Re: [xml-dev] Quiz: is this XML well-formed?

[Date Prev] | [Thread Prev] | [Thread Next] | [Date Next] -- [Date Index] | [Thread Index]
From: "C. M. Sperberg-McQueen" <cmsmcq@blackmesatech.com>
To: Marcus Reichardt <u123724@gmail.com>
Date: Thu, 4 Feb 2021 14:55:58 -0700
Many thanks to Marcus Reichardt for attempting to ground this
discussion a little more firmly in actual facts.  There are some
oddities in XML which are there for no better reason than that SGML
had them and we needed to retain them for compatibility.  But I think
this is not one of them.  First of all, as MR has pointed out, the
rule in question did not come from SGML at all.  And second, I don't
think it's an oddity.

But the construct may perhaps nevertheless still best be viewed in the
light of SGML.

The passage quoted is one example of the meaning of the grammar in ISO
8879 being modified by prose, in a way that means anyone who
transcribes the grammar from the standard and tries to build a parser
for it is facing a long series of frustrating problems, first as
oddities in the grammar must be interpreted in order to build the
parser and get it to pass rudimentary type checking, and then as
example after example show that the parser must be modified because
the language one wants it to accept (SGML, or some subset thereof) is
not fully defined by the grammar, but only by the grammar together
with the entire body of rather dry, legalistic prose that makes up the
standard and in some cases (as here) bluntly contradicts the grammar.

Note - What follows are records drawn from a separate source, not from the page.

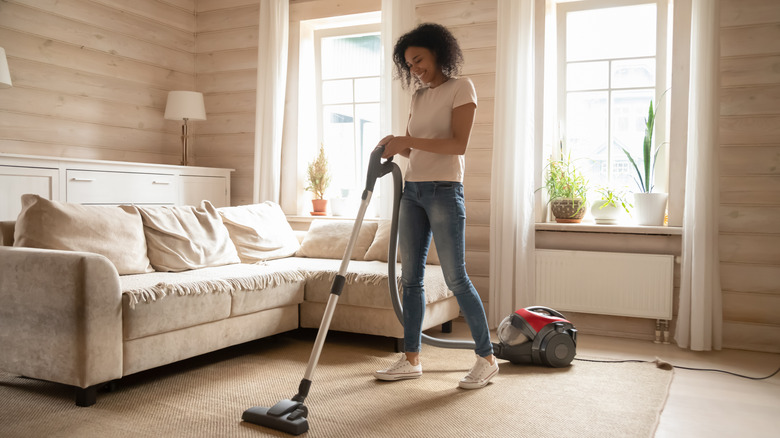 Woman vacuuming living room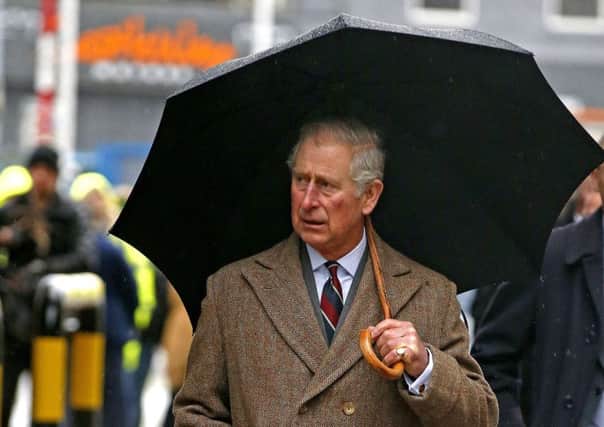 The Prince of Wales walks around the McVitie's factory in Carlisle, which was damaged in the floods earlier in the month. Photo: Peter Byrne/PA Wire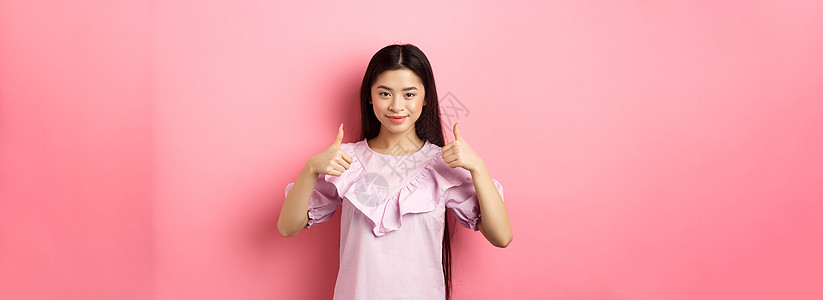 好样的 笑得漂亮 微笑着的亚洲女孩穿著洋装露出拇指 像和批准产品 赞美很多 站在粉红背景上投标购物女性学生女士工作室化妆品青少年图片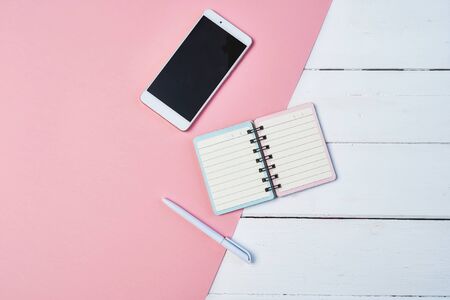 Mockup Flat lay composition with smartphone and notepad on a white and pink background. Desktop with copy spaceの写真素材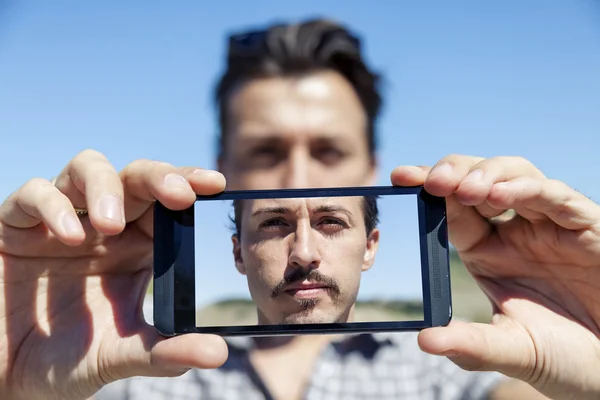 Young cute adult take a selfie with smart phone — Stock Photo, Image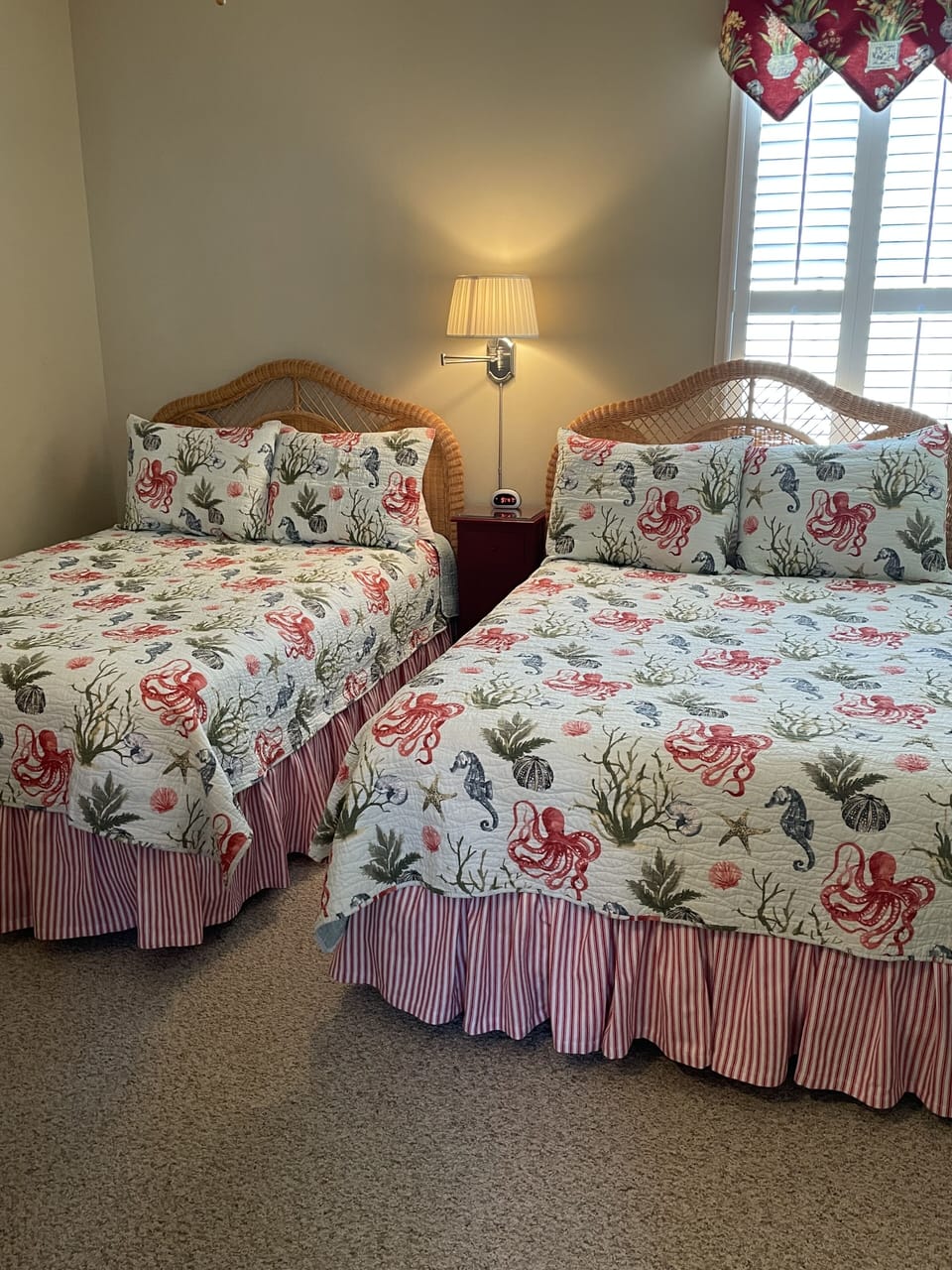 Two full-size beds with connecting Jack and Jill Bathroom.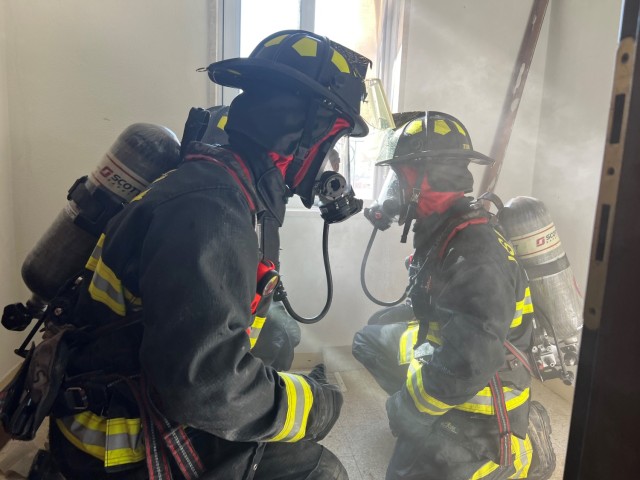 USAG Italy rookie firefighters take part in training for their Fire Fighter certifications on April 12 in the Villiaggio housing area. The scenario focused on rescuing victims in a simulated burning house and then rescuing a fellow firefighter through heavy smoke. 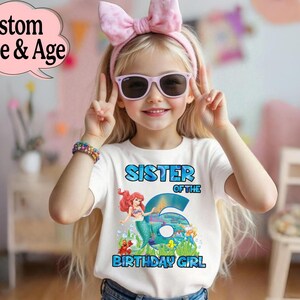 May include: A white t-shirt with a colorful graphic featuring the text "SISTER OF THE 6 BIRTHDAY GIRL" and a mermaid illustration. The girl is wearing sunglasses and a pink bow headband. A colorful bracelet is on her wrist.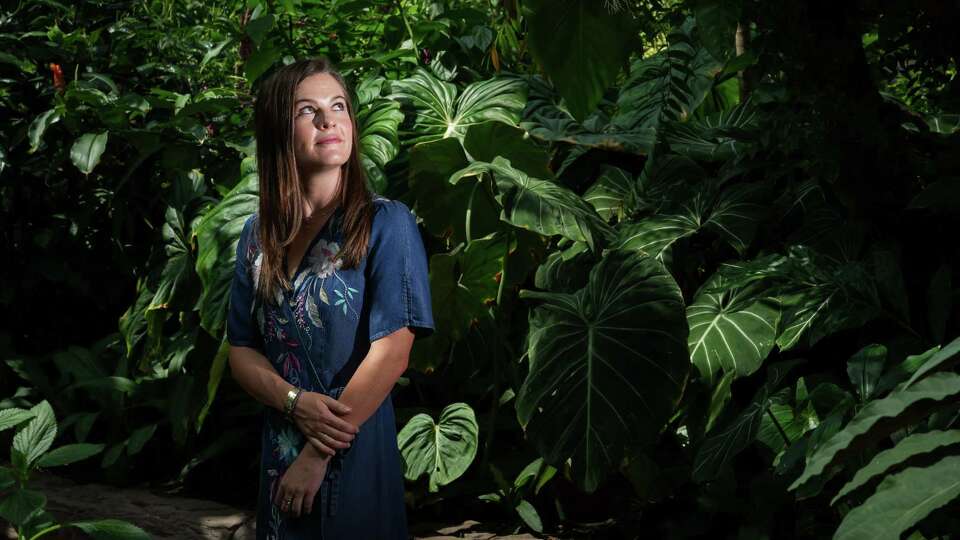 Lizzy McGee poses for a portrait Monday, July 17, 2023, in the Cockrell Butterfly Center at the Houston Museum of Natural Science in Houston. She said she really enjoyed spending time in the butterfly exhibit. She also said she plans to start a Texas-themed amusement park.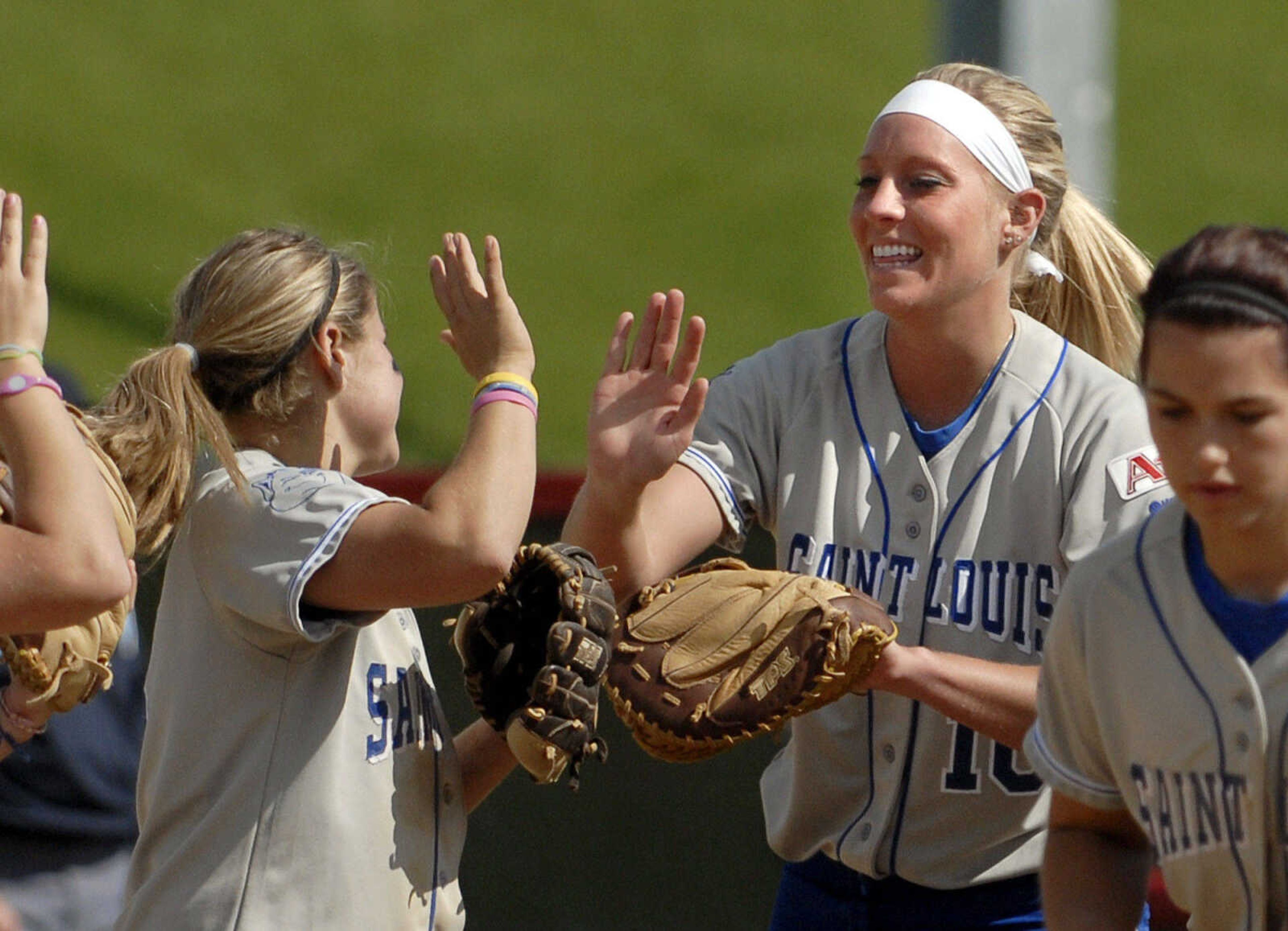 LAURA SIMON~lsimon@semissourian.com
Saint Louis University first baseman Kristain Burger high-fives her teammates in the fourth inning during the first game of a double-header against Southeast Missouri State Wednesday, May 4, 2011 at the Southeast Softball Complex.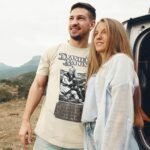 Man wearing Frontier Rogue Daniel Boone graphic tee in outdoor setting with woman and van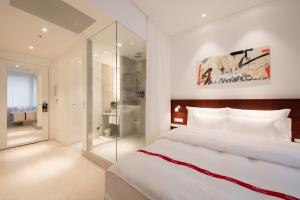a bedroom with a large white bed and a glass walk in shower at Ruby Marie Hotel Vienna in Vienna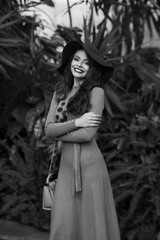 Waist-up portrait of young woman wearing knitted dress and wide-brimmed hat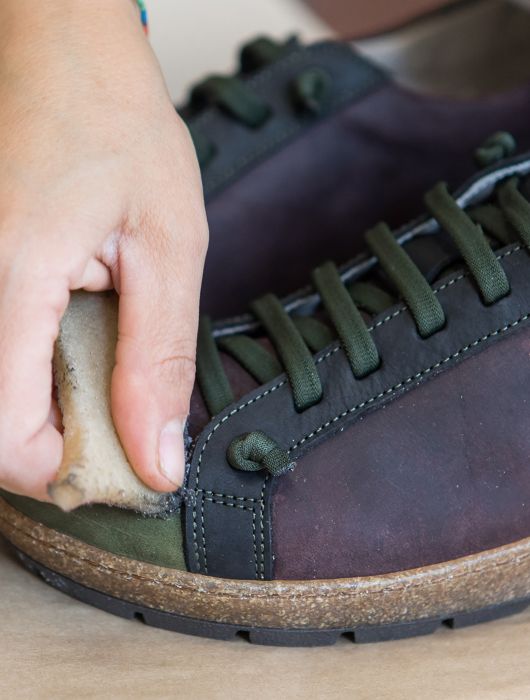 Mano che pulisce o rifinisce una scarpa con lacci verdi e suola in sughero.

I do not remember any specific discussions on this topic (which does
not mean we didn’t have them), but I do remember that at least one of
the editors of the XML spec wanted (a) to limit the number of cases in
which the meaning of the grammar was modified by normative prose, and
(b) to mark those places explicitly *in the grammar* so that people
turning to the grammar for guidance would be made aware that they
needed to look at the prose as well.

The named constraints on validity and well-formedness included in the
comments in the productions of the grammar in the XML spec serve this
purpose.  They can be thought of as informal signals that some
additional machinery is needed.  (E.g. an attribute, if one happens to
be working in an attribute-grammar system.)  They are thus by nature
signals of some complication or other in the spec.  Part of the goal
of the XML effort was to reduce complications, and thus part of the
goal was to reduce the number of places where well-formedness and
validity constraints had to be described in prose, instead of
following naturally from the grammar.

In ISO 8879 a prose note is necessary in order to say that the first
’s’ nonterminal in production rule 32 is not in fact always optional,
even though it is marked optional in the grammar.  The result is that
anyone who generated a parser from the grammar in the usual way is
required to go in and jigger things by hand to make the parser agree
with the spec.  That by itself would have made some members of the XML
working group view this particular grammatical construct with a
jaundiced eye.  But I think there are other reasons the XML WG did not
preserve it.

Since the condition set by 8879 for omitting the whitespace is always
met in XML, no prose note would have been necessary and the XML spec
could, I suppose, have written the rule for start-tag as

    STag ::= '<' Name (S (Attribute S?)*)? ‘>' [WFC: Unique Att Spec]

instead of as it is currently written:

    STag ::= '<' Name (S Attribute)* S? ‘>' [WFC: Unique Att Spec]

If that change would have made XML easier to parse, or easier to
handle with the kind of ad hoc tools we imagined the Desperate Perl
Hacker to possess, or easier to read for humans, then it might have
been worth considering, despite the small but measurable increase in
complexity in the expression on the right-hand side.

But I don’t think it makes start-tags easier to parse.  I don’t think
it makes them easier to process without a full XML parser.  And I
don’t think it makes start-tags easier to read for humans.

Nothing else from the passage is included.